Buttò l’occhio, in cerca di un qualche compagno venuto in aiuto.
Ma a portata di tiro c’era solo Matt, che era marcato stretto da due giocatori, quindi era impensabile passargli la palla. Poi l’occhio corse sulla macchia bianca che si stava precipitando verso la porta.
Completamente libero.
- Near! - urlò Mello riuscendo per miracolo a compiere un tunnel in sua direzione.
L’albino vide la palla, ed era solo in area, errore imperdonabile degli avversari.
Doveva segnare, poteva segnare.
Voleva segnare.
Fermò la palla col piede, già impostando il tiro.
Stava davvero giocando con qualcuno.
Quel ragazzo che per tanto tempo aveva solo osservato da lontano lo aveva invitato con lui, senza chiedergli nulla, senza curarsi del suo essere così insulsamente bianco.
Non sapeva come, né perché, ma sapeva che quella mattina d’estate aveva finalmente trovato un amico.
Un amico vero.
Calciò quella palla con tutta la forza che aveva e la vide sfrecciare come una cometa verso il portiere e passargli sul fianco sinistro senza che fosse in grado di fare qualcosa.
“Grazie Mello, grazie davvero” gli venne automatico spostare lo sguardo nero sul suo di ghiaccio.

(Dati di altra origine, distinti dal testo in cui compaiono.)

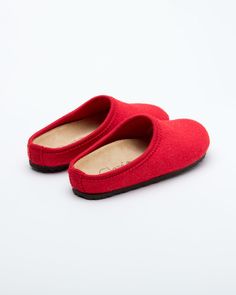 Description: The Nebraska Women's Wool Clog is an Italian take on a European classic. The women's Nebraska in red is one of the most versatile mule style slippers available. From home to the office to weekend, the minimalist design of these clogs will take you anywhere in comfort. The anatomical self-molding latex and thermoforming cork insole provide a firm customized comfort, and the insole is completely removable. LeClare Slippers are exclusively handcrafted in our small-batch factory in Trev Wool Clogs, The Minimalist, Red Wool, Small Batch, Nebraska, Mule, The Office, Minimalist Design, Clogs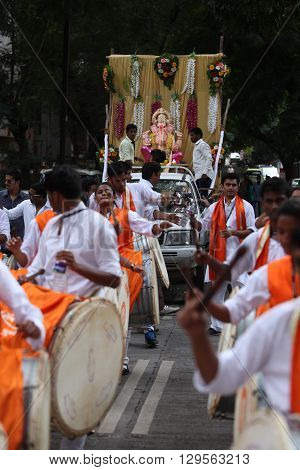 Pune India - September 17 2015: Ganesh festival procession being traditionally celebrated Dhol Tasha percussion and dancing.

Sorrisero entrambi, in contemporanea, e fu definitivamente chiaro alla macchiolina bianca, che finalmente, dopo quella solitudine che gli aveva oppresso il cuore per così tanto tempo, aveva trovato un colore con cui miscelarsi, un acceso giallo dorato.
Aveva trovato Mello, il suo primo vero amico.